What this task involves: All that should come back is the lines of the data below from the one containing "RIPCURL Mens Jacket" to the one containing "A Philadelphia Antique", inclusive, exactly as they stand.

Excerpted data:
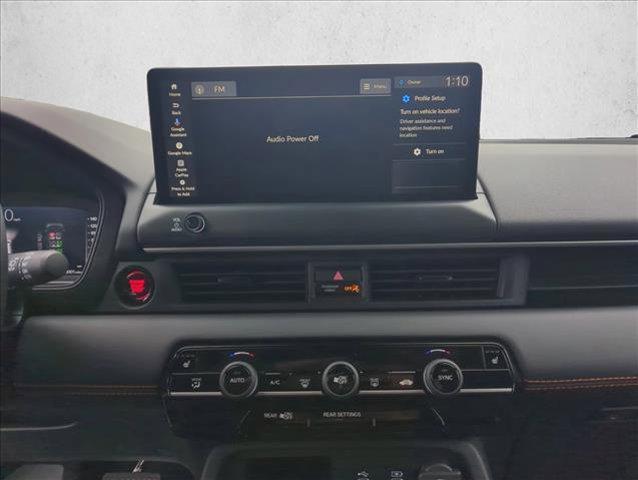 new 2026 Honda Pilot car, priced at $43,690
* * *
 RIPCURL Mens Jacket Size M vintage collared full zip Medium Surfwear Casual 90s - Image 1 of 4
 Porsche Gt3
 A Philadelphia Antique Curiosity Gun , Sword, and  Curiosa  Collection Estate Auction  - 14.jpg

Task solution:
 RIPCURL Mens Jacket Size M vintage collared full zip Medium Surfwear Casual 90s - Image 1 of 4
 Porsche Gt3
 A Philadelphia Antique Curiosity Gun , Sword, and  Curiosa  Collection Estate Auction  - 14.jpg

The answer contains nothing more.